## WHAT TO DO:
Pictures are to be left out, and only the lines from the one with "Casa en alquiler" through the last line of the listing below are to be repeated exactly.

## PROVIDED MATERIAL:
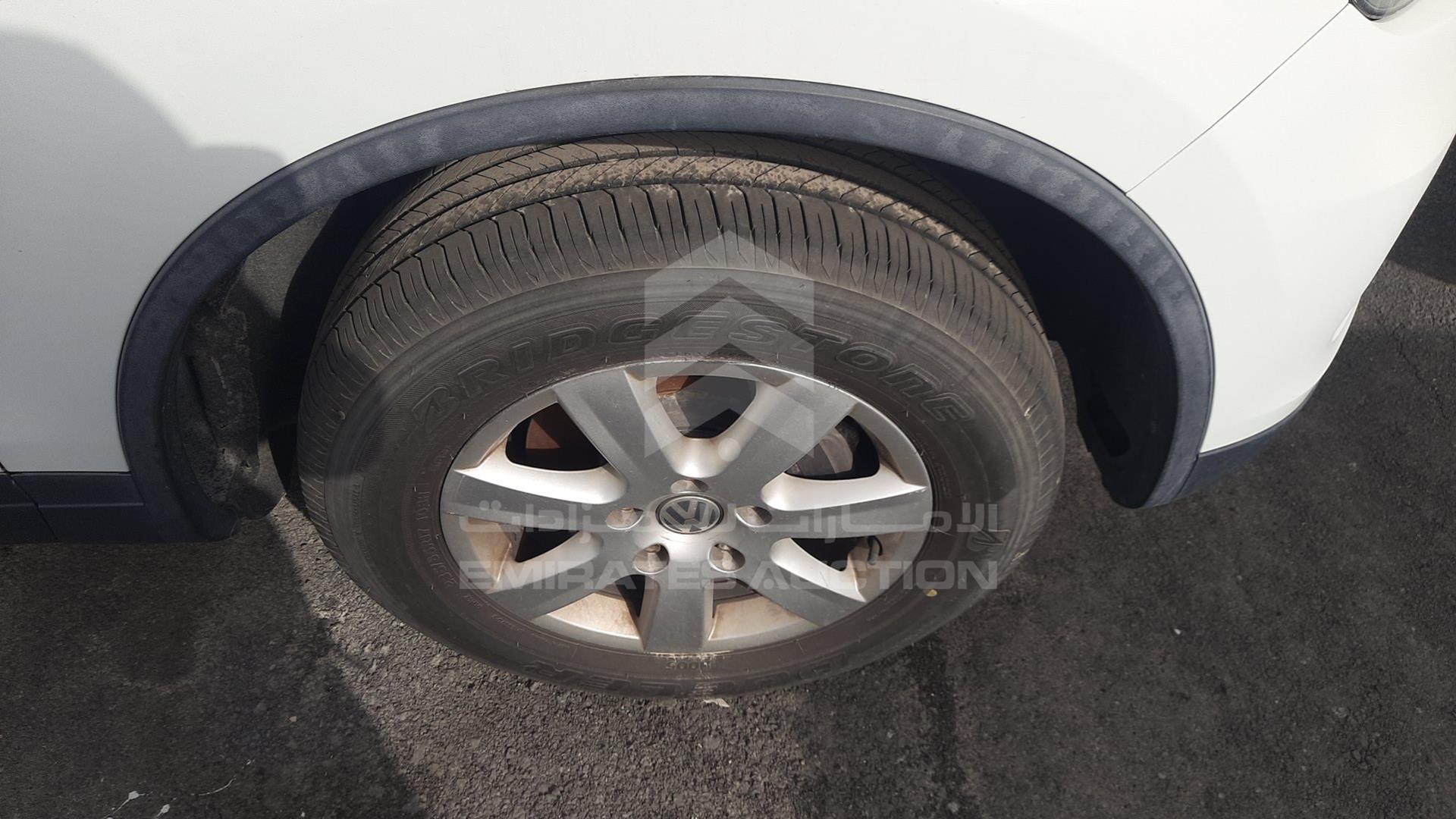 2013 VOLKSWAGEN TOUAREG VIN: WVGBC2BP3DD000252
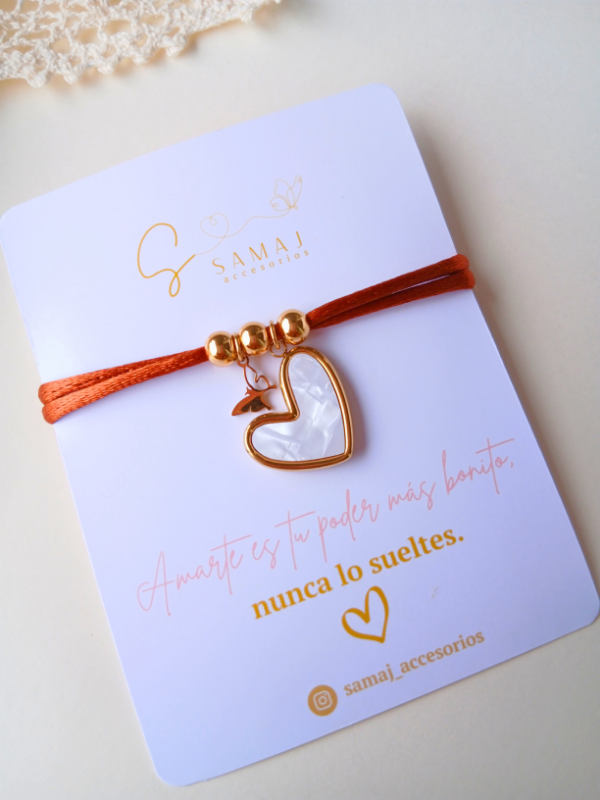 Pulsera ajustable corazón blanco doble hilo satinado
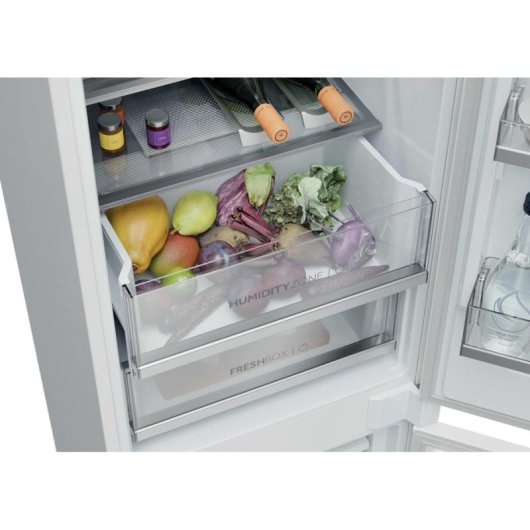 Frigorífico Combi Haier 34901784 Total No Frost 193,5cm 284L D Blanco WiFi IA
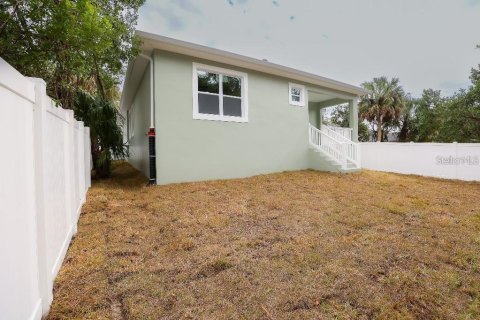 Casa en alquiler en Tampa, Florida, 3 dormitorios, 130.06 m2 № 1913050 - foto 12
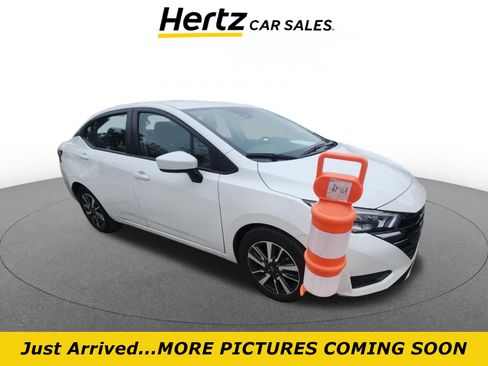 Used 2025 Nissan Versa SV image 1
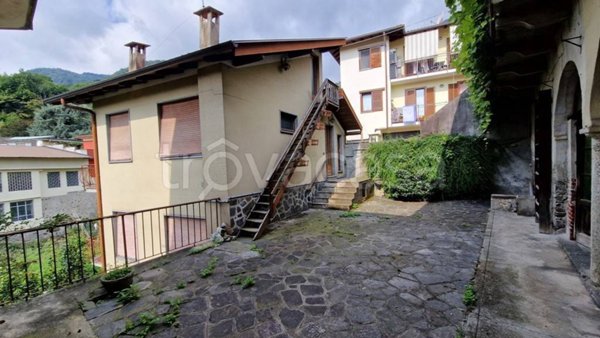 casa indipendente in vendita a Cesara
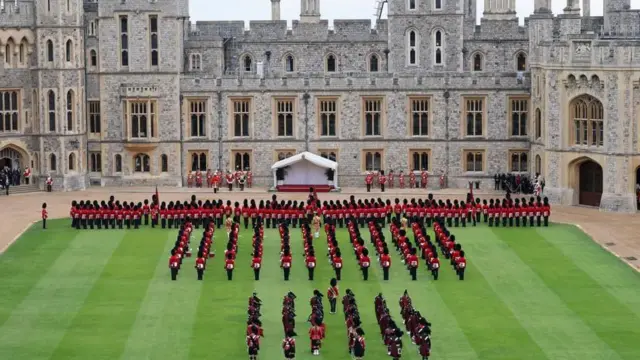 Bend svira tokom završnih priprema uoči svečanog dočeka i smotre ispred Vindzor zamka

## SOLUTION TO THIS EXERCISE:
 Casa en alquiler en Tampa, Florida, 3 dormitorios, 130.06 m2 № 1913050 - foto 12
 Used 2025 Nissan Versa SV image 1
 casa indipendente in vendita a Cesara
 Bend svira tokom završnih priprema uoči svečanog dočeka i smotre ispred Vindzor zamka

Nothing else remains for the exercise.